Evet, fiilen Tebük’e giden mücahidler, ahirette bir kısım
kadınları, yaşlıları ve çocukları da yanlarında göreceklerdir. Çocuklar, bıçak
veya kamalarını, harpte kullanılsın diye getirip, Rasûl-i Ekrem’in önüne atmış,
gelinler kulağından küpeyi çıkarıp Allah Rasûlü’ne vermiş, bir başkası kolundan
bileziğini sıyırıp cömertlik yarışına iştirak etmiş, yaşlılar, koltuk değnekleriyle
sürünerek gelmiş, ellerindeki avuçlarındaki şeyleri oraya dökmüş ve ‘Benim de
bir katkım bulunsun’ demişler.
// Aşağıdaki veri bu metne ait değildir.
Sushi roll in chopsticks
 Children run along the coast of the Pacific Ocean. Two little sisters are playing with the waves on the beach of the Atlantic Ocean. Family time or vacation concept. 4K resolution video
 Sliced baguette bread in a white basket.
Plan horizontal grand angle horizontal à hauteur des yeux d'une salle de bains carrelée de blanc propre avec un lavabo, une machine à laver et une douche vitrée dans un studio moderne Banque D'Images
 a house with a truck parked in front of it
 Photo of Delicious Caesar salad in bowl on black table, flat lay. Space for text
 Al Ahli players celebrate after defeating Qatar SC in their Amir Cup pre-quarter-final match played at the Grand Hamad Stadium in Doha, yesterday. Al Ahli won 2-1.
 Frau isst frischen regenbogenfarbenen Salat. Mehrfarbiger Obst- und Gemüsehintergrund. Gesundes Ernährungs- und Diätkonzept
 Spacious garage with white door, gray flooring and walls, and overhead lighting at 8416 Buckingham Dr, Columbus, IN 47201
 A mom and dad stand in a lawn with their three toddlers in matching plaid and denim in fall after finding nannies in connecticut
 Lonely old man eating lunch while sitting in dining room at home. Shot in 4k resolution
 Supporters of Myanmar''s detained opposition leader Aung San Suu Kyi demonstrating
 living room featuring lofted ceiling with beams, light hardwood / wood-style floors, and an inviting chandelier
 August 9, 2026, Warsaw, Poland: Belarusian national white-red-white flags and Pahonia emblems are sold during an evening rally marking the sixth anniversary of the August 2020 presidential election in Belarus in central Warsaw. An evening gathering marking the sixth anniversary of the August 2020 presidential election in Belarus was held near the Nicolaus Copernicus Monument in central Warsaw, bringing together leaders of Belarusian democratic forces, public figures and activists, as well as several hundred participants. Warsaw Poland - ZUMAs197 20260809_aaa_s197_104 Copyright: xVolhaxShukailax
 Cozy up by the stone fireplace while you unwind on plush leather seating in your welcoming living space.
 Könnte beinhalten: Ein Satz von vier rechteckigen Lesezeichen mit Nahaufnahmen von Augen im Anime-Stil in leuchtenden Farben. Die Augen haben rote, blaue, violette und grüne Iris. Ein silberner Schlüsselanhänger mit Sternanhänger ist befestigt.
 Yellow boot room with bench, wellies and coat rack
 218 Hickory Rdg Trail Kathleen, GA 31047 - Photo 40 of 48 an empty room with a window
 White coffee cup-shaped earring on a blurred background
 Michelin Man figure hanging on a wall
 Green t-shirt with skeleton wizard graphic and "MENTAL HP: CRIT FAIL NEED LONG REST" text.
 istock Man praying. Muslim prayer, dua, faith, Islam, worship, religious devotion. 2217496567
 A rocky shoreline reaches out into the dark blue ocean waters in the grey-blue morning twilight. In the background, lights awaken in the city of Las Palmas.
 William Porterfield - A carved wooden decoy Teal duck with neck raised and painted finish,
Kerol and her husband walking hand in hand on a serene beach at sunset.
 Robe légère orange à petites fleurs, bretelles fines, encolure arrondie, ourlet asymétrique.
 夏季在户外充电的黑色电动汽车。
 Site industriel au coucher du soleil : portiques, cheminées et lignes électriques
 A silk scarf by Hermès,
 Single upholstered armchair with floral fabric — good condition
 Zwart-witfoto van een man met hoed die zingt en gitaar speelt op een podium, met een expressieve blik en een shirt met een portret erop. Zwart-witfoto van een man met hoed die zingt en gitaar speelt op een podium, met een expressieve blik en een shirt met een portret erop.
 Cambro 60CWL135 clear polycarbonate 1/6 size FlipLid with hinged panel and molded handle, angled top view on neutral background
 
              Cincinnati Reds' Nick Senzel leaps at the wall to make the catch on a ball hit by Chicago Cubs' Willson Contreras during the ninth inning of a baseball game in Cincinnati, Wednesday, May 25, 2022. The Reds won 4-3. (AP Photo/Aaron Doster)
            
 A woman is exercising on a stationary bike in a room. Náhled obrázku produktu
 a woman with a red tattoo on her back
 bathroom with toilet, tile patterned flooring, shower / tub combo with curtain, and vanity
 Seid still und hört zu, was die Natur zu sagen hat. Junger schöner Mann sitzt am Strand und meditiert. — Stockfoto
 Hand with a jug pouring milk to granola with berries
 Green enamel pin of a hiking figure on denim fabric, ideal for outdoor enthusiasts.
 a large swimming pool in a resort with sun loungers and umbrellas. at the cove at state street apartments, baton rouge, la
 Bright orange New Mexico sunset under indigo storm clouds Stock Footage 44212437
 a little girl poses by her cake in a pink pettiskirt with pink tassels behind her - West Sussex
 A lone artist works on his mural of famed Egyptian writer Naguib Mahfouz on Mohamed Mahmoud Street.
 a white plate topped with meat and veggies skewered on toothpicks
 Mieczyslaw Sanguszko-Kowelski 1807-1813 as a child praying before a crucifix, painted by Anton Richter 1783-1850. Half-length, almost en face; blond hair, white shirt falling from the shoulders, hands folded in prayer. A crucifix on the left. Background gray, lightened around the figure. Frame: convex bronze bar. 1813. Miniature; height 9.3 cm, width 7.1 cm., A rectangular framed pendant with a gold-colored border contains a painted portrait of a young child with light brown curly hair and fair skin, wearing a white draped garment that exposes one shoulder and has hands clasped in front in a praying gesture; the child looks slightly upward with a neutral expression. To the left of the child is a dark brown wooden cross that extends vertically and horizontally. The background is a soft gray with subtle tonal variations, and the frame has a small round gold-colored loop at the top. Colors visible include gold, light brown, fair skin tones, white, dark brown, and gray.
Evet, işte bütün bunlar,
bizzat sefere iştirak etmiş gibi muamele göreceklerdir. Bunu da Rasûl-i Ekrem,
bir başka hadislerinde şöyle ifade buyuruyorlar:
“Medine’de kalan öyle
insanlar vardır ki, geçtiğiniz her vadi, yürüdüğünüz her mesafede sizinle
beraberdirler. Hastalık onları Medine’de hapsetmiştir.” Bir diğer rivayette ise, “Mükâfatta sizin ortağınızdırlar.”
Demek ki, acizlik, fakirlik, yaşlılık, çocuk ve kadın olma gibi
mazeretler, onların ayaklarına bağ olup, kendilerini fiilen sefere çıkmaktan
alıkoymuşsa; cihad sevabından yoksun kalmayacakları gibi, mükâfatından da
yoksun kalmayacaklar ve Cenâb-ı Hakk, niyetleri sebebiyle onları aynen gazaya
çıkanlar gibi kabul buyuracaktır. Allah Rasûlü’nün müjde yüklü bu ifadesinden
anladığımız budur.
Bu inancımızı da hakkımızda bir dua ve niyaz kabul ediyoruz.
Özellikle günümüzde, cihadın bütünüyle terk edilmesi söz konusu olduğundan,
kısmen veya tamamen bu işe iştirak edenlerin mutlaka cihad sevabından
hisselerini alıp pay alacaklarına inancımız vardır.
İslâm Birliğinin gerçekleşmesi, dünya Müslümanlarının zulüm ve
haksızlıklardan kurtulması, özgürlüklerine kavuşması için malı ve canıyla
çalışmak elbette ki yukarıda açıklaması yapılan cihad ibadetinin ta kendisidir.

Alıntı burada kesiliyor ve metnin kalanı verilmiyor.